## WHAT NEEDS TO BE DONE
All of the entries must be reproduced exactly, with no images carried over.

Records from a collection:

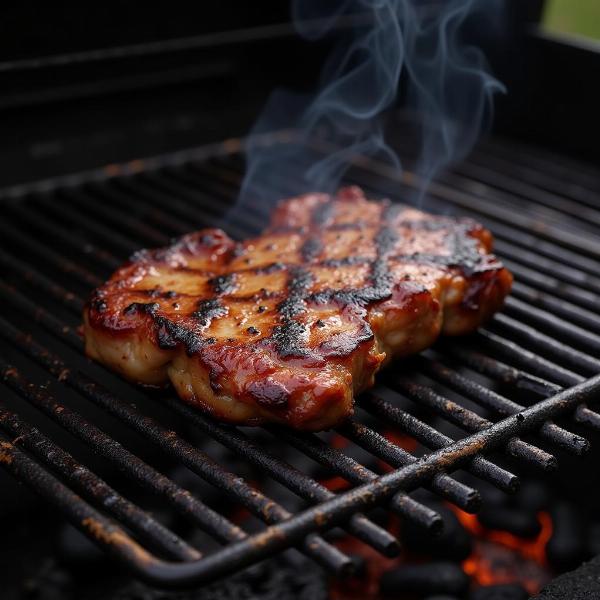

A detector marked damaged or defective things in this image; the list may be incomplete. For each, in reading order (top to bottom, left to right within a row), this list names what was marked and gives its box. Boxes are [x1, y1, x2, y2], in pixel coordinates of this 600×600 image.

rusted grill bar [0, 134, 596, 588]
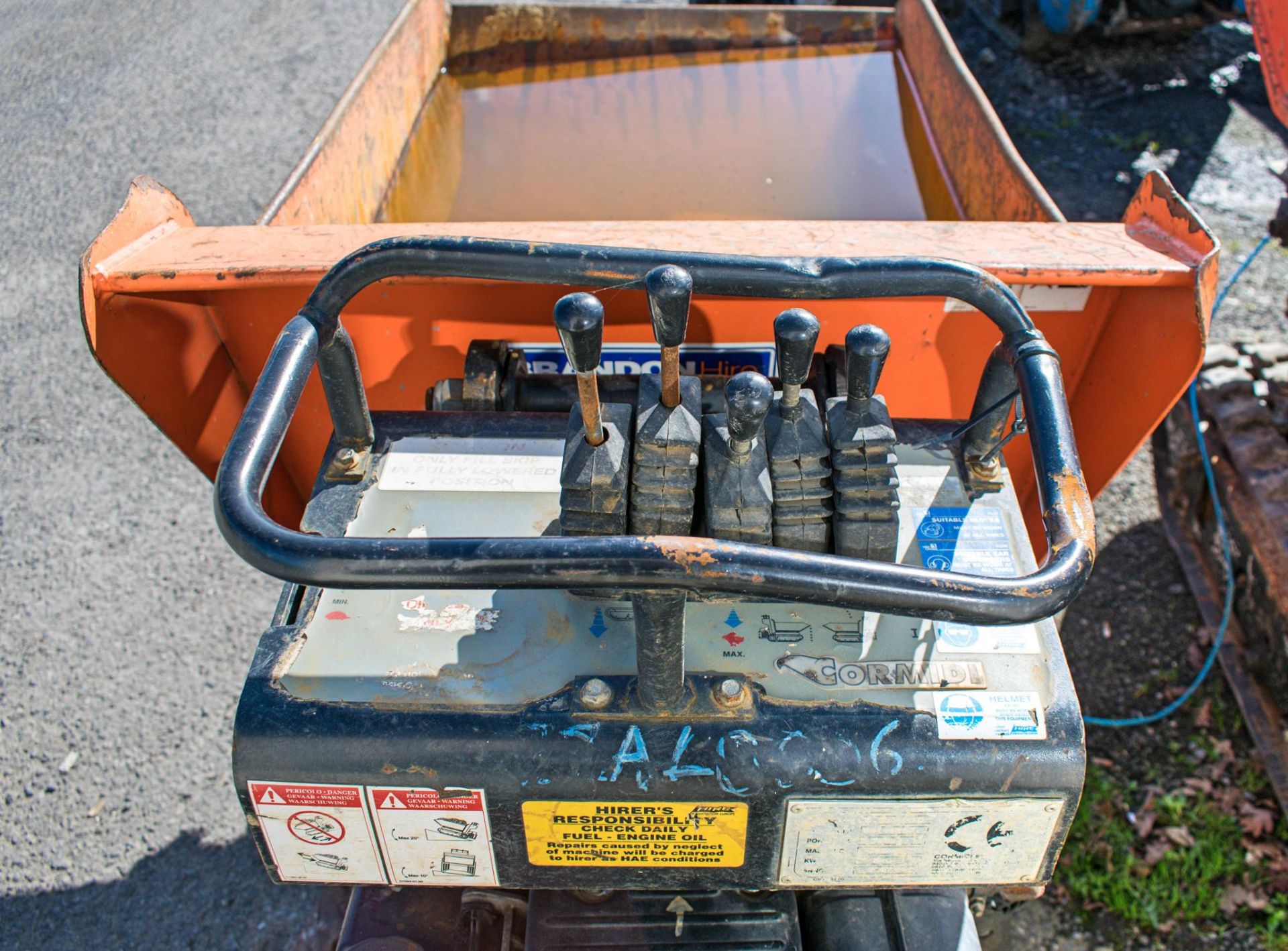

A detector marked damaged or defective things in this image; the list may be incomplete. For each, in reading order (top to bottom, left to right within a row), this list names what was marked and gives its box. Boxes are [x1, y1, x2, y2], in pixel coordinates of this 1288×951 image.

rusted metal surface [448, 3, 891, 76]
rusted metal surface [1154, 349, 1288, 816]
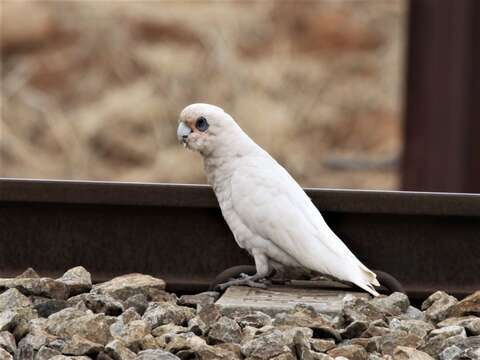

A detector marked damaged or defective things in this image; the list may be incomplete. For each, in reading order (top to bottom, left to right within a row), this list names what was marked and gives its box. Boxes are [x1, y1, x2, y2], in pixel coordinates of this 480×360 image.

rusty rail [0, 179, 480, 300]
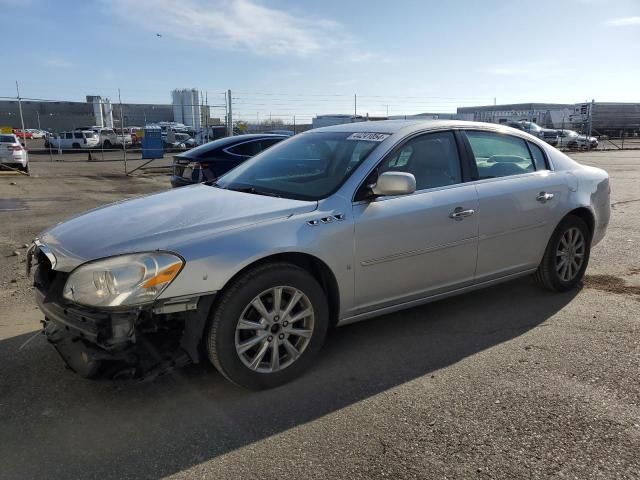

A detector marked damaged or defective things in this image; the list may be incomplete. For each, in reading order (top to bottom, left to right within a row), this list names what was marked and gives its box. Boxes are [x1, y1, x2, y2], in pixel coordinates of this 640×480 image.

broken headlight assembly [62, 251, 184, 308]
damaged front bumper [36, 284, 216, 380]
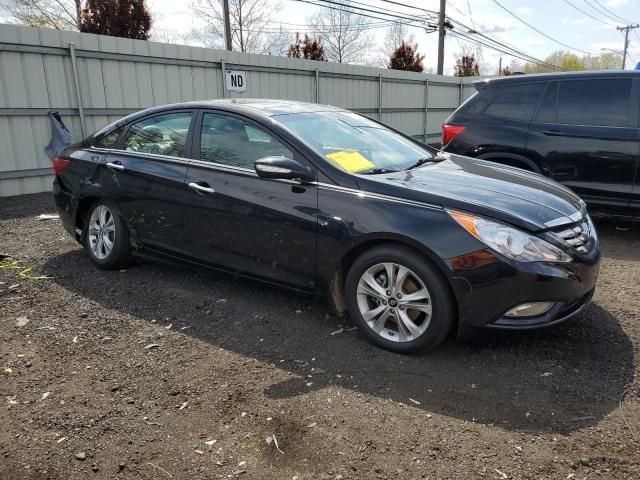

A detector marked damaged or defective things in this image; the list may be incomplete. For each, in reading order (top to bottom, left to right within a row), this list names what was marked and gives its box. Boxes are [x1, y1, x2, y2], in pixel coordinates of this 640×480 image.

dent in car door [97, 109, 195, 251]
dent in car door [181, 110, 318, 288]
dent in car door [528, 79, 636, 214]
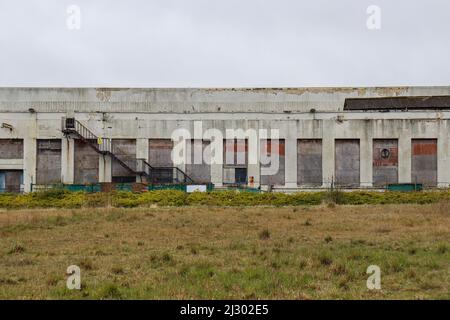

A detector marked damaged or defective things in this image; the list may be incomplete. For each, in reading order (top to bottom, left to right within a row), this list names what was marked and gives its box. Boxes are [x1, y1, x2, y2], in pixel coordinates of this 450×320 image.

rusted metal panel [0, 139, 23, 159]
rusted metal panel [36, 139, 61, 184]
rusted metal panel [74, 139, 99, 184]
rusted metal panel [111, 139, 135, 180]
rusted metal panel [149, 139, 174, 168]
rusted metal panel [185, 139, 211, 182]
rusted metal panel [260, 139, 284, 186]
rusted metal panel [298, 139, 322, 185]
rusted metal panel [336, 139, 360, 186]
rusted metal panel [372, 139, 398, 186]
rusted metal panel [412, 139, 436, 186]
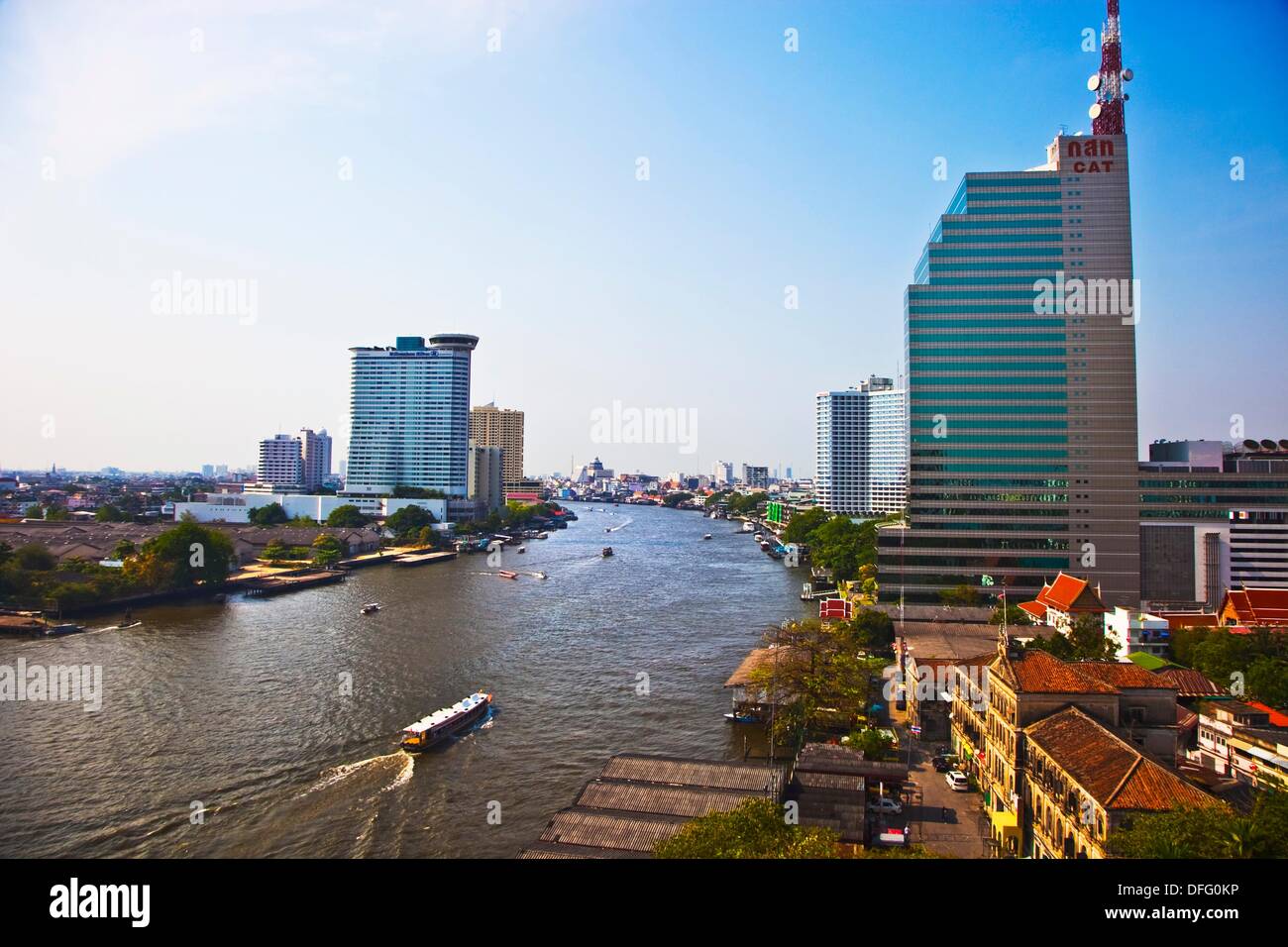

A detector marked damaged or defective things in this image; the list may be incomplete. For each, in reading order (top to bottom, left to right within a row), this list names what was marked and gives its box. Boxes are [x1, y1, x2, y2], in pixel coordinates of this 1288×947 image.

rusty roof [1024, 705, 1216, 808]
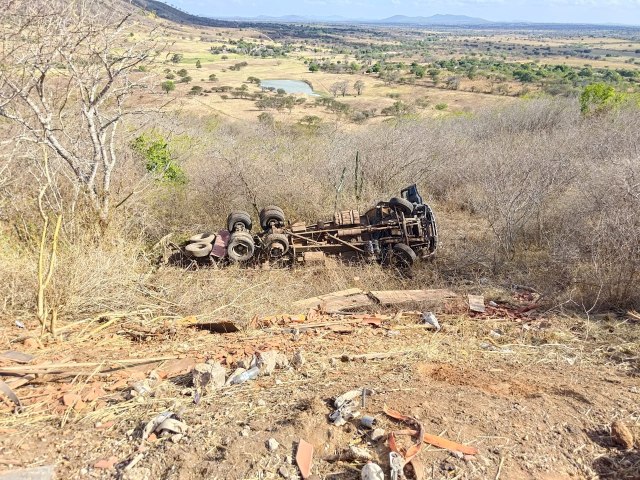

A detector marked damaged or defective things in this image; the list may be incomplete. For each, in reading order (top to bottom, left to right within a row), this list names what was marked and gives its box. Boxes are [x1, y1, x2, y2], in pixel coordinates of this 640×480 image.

overturned truck [182, 185, 438, 270]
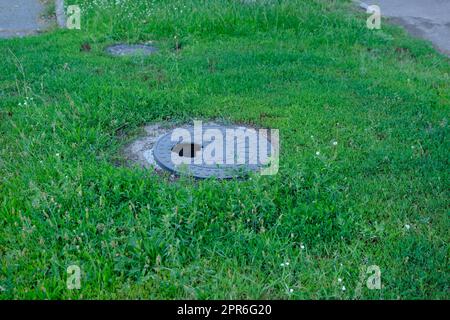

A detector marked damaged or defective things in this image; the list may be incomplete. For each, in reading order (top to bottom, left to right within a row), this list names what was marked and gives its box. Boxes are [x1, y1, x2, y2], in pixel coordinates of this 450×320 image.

## SOLUTION
A detector marked damaged or defective things in this image; the list may be incomplete. For each, in reading order (top to bottom, left to right within a row), this list names what was marked and gives its box. Boxes are [x1, y1, x2, y2], in pixel coordinates of this 600×600 image.

rusted grill bar [0, 134, 596, 588]

A detector marked damaged or defective things in this image; the list may be incomplete. For each, in reading order (top to bottom, left to right within a row), this list names what was marked and gives its box. Boxes are [x1, y1, x2, y2], in pixel coordinates of this 1288×951 image.

rusted metal surface [448, 3, 891, 76]
rusted metal surface [1154, 349, 1288, 816]

A detector marked damaged or defective things in this image; the list may be incomplete. For each, in reading order (top to bottom, left to right within a row), this list names what was marked and gives its box. Boxes are [x1, y1, x2, y2], in pixel coordinates of this 480×360 image.

rusty rail [0, 179, 480, 300]

A detector marked damaged or defective things in this image; the list may be incomplete. For each, in reading order (top to bottom, left to right within a row), this list names what was marked and gives its box. Boxes are [x1, y1, x2, y2], in pixel coordinates of this 640×480 image.

broken headlight assembly [62, 251, 184, 308]
damaged front bumper [36, 284, 216, 380]

A detector marked damaged or defective things in this image; the list may be incomplete. For each, in reading order (top to bottom, left to right within a row), this list names what was marked and gives its box. Boxes are [x1, y1, x2, y2], in pixel coordinates of this 640×480 image.

dent in car door [97, 109, 195, 251]
dent in car door [181, 110, 318, 288]
dent in car door [528, 79, 636, 214]

A detector marked damaged or defective things in this image; the list may be incomplete. For each, in reading order (top to bottom, left to right within a row), this list names what was marked and gives its box. Boxes are [x1, y1, x2, y2], in pixel coordinates of this 450×320 image.

rusted metal panel [0, 139, 23, 159]
rusted metal panel [36, 139, 61, 184]
rusted metal panel [74, 139, 99, 184]
rusted metal panel [111, 139, 135, 180]
rusted metal panel [149, 139, 174, 168]
rusted metal panel [185, 139, 211, 182]
rusted metal panel [260, 139, 284, 186]
rusted metal panel [298, 139, 322, 185]
rusted metal panel [336, 139, 360, 186]
rusted metal panel [372, 139, 398, 186]
rusted metal panel [412, 139, 436, 186]

A detector marked damaged or defective things in this image; the list may be incomplete. For each, in reading order (top to bottom, left to right within a row), this list names what was marked and gives its box. Boxes are [x1, y1, x2, y2], in pixel coordinates of this 1288×947 image.

rusty roof [1024, 705, 1216, 808]

A detector marked damaged or defective things in this image; the list may be incomplete. For each, in reading order (top to bottom, left to right within a row), this list names what was marked and gives its box. Boxes are [x1, y1, x2, y2], in pixel coordinates of this 640×480 image.

overturned truck [182, 185, 438, 270]

A detector marked damaged or defective things in this image; the list may be incomplete. For each, in reading order (top to bottom, left to right within a row), this list names what was marked and gives its box. Boxes are [x1, y1, x2, y2], in pixel coordinates of this 450×320 image.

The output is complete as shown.